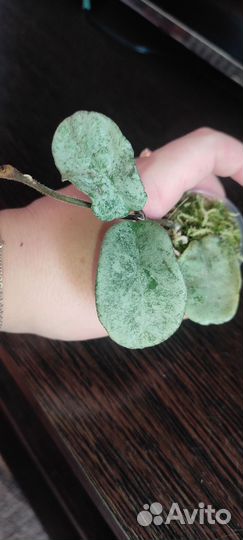 Хойя грей хост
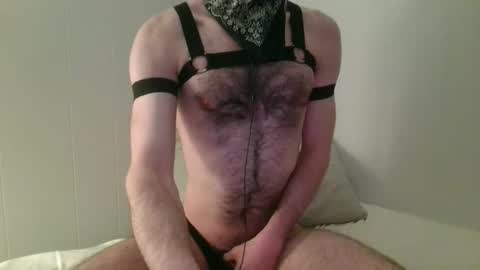 Hector or Hex for short online show from 03.01.26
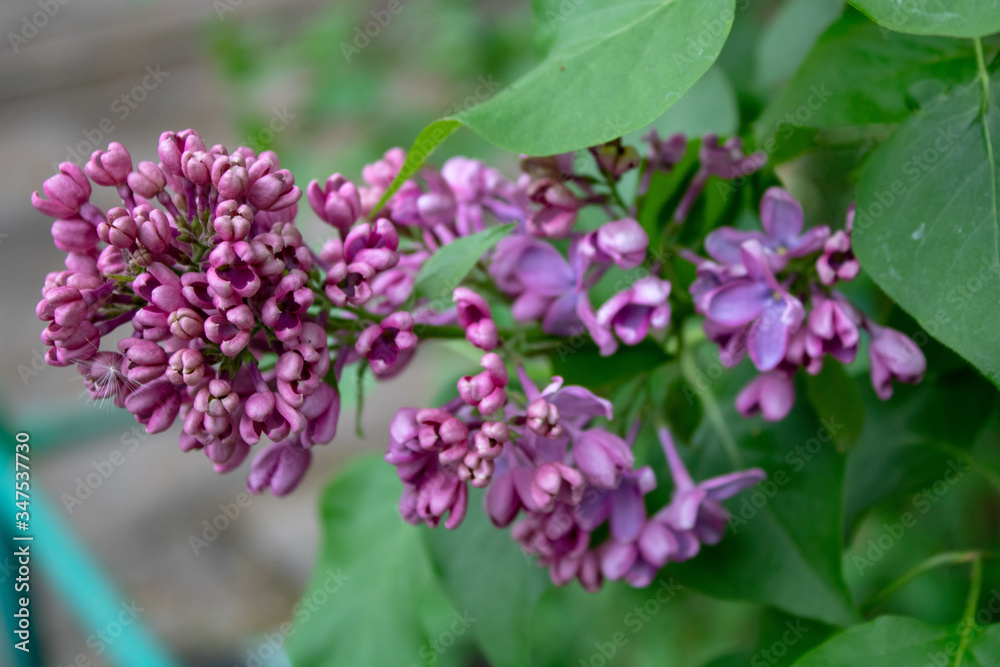 Spring raspberry inflorescences of lilac on a spring day.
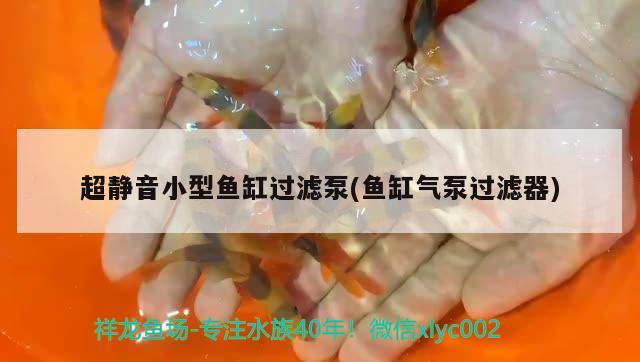 超靜音小型魚缸過濾泵(魚缸氣泵過濾器) 魚缸風(fēng)水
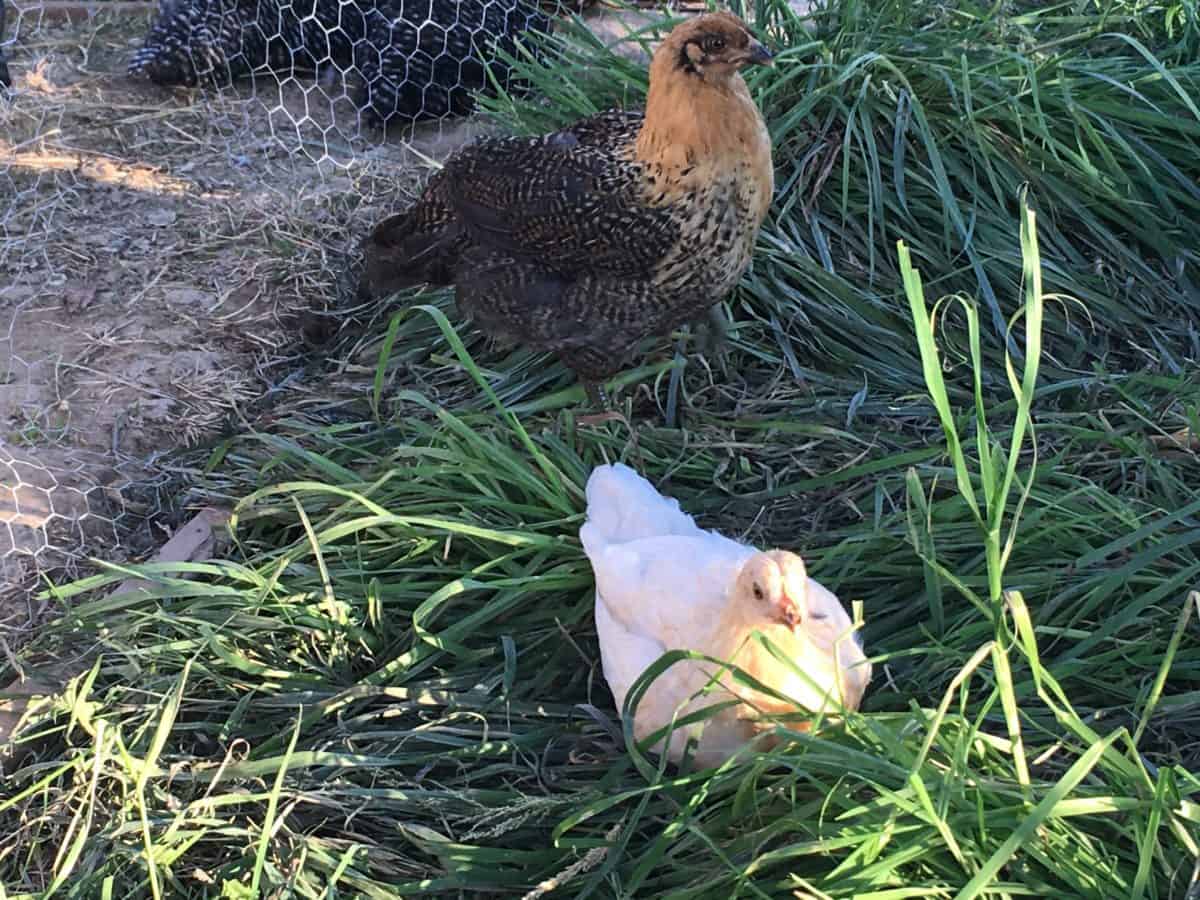 Best Chicken Breeds for Eggs | Family Food Garden Chicken Laying On Side With Wing Out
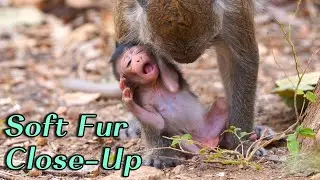 🔴 Close-Up Baby Monkey Mandra 🐒💗 | Mama Manda Watching Her First Walking Practice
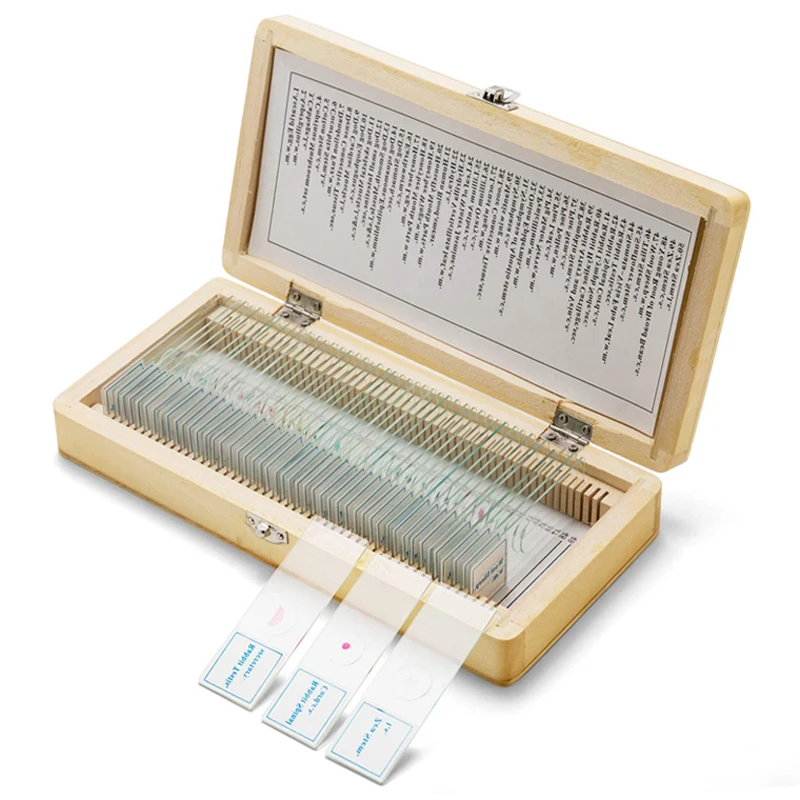  50pcs Middle School Education Used Prepared Glass Microscope Slides Set For Student Science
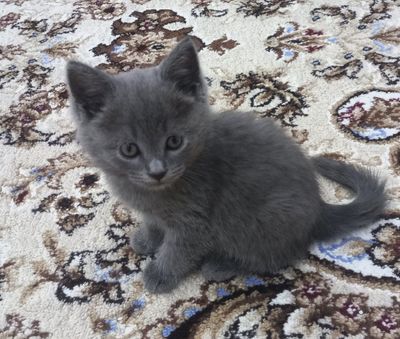 Кошка, mushukcha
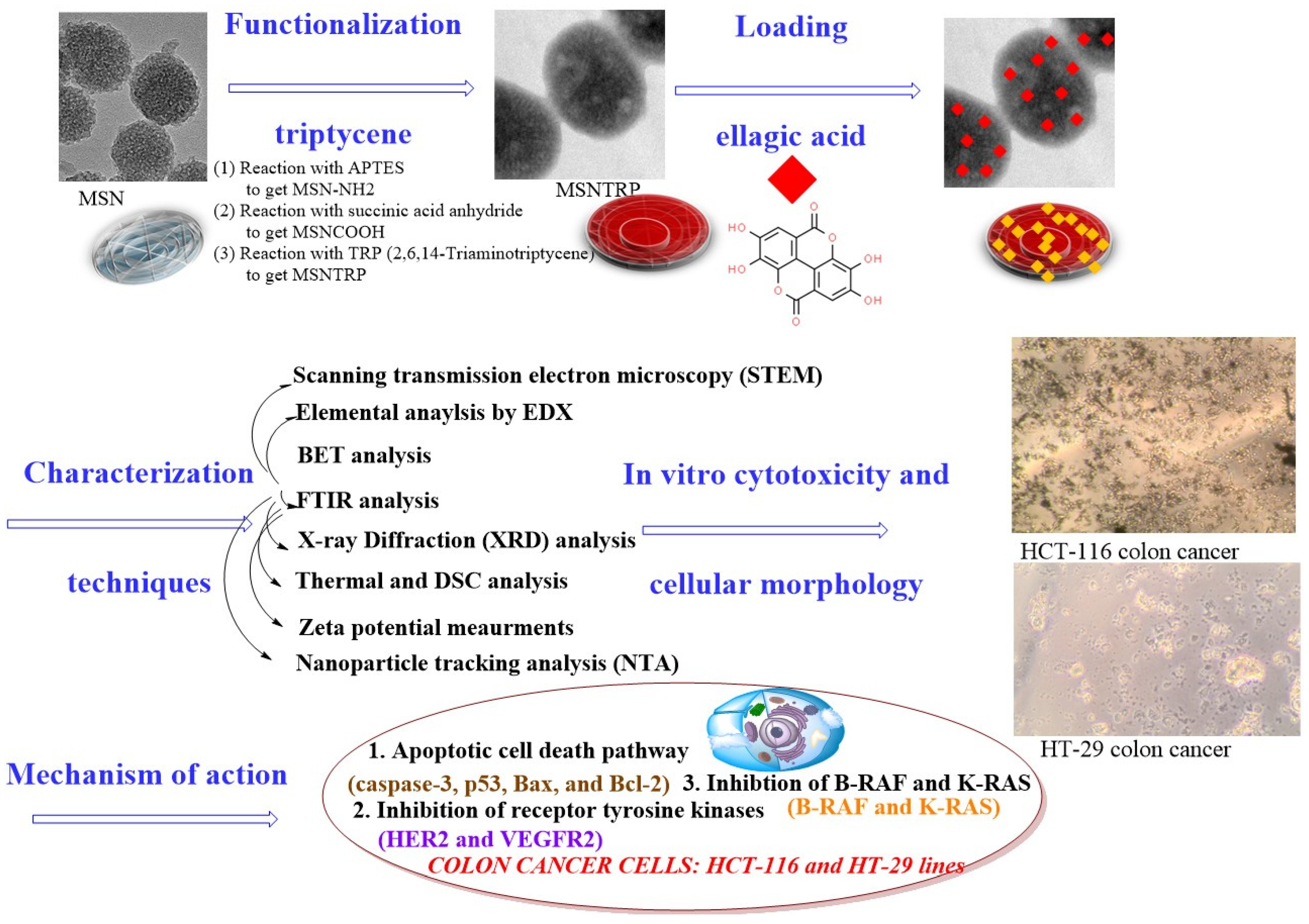 Nanomaterials 15 01547 sch001 Nanomaterials 15 01547 sch001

→ **Problem to work on**
Make an exact copy of the records above, one that has none of the pictures.

→ **Exercise answer**
 Хойя грей хост
 Hector or Hex for short online show from 03.01.26
 Spring raspberry inflorescences of lilac on a spring day.
 超靜音小型魚缸過濾泵(魚缸氣泵過濾器) 魚缸風(fēng)水
 Best Chicken Breeds for Eggs | Family Food Garden Chicken Laying On Side With Wing Out
 🔴 Close-Up Baby Monkey Mandra 🐒💗 | Mama Manda Watching Her First Walking Practice
  50pcs Middle School Education Used Prepared Glass Microscope Slides Set For Student Science
 Кошка, mushukcha
 Nanomaterials 15 01547 sch001 Nanomaterials 15 01547 sch001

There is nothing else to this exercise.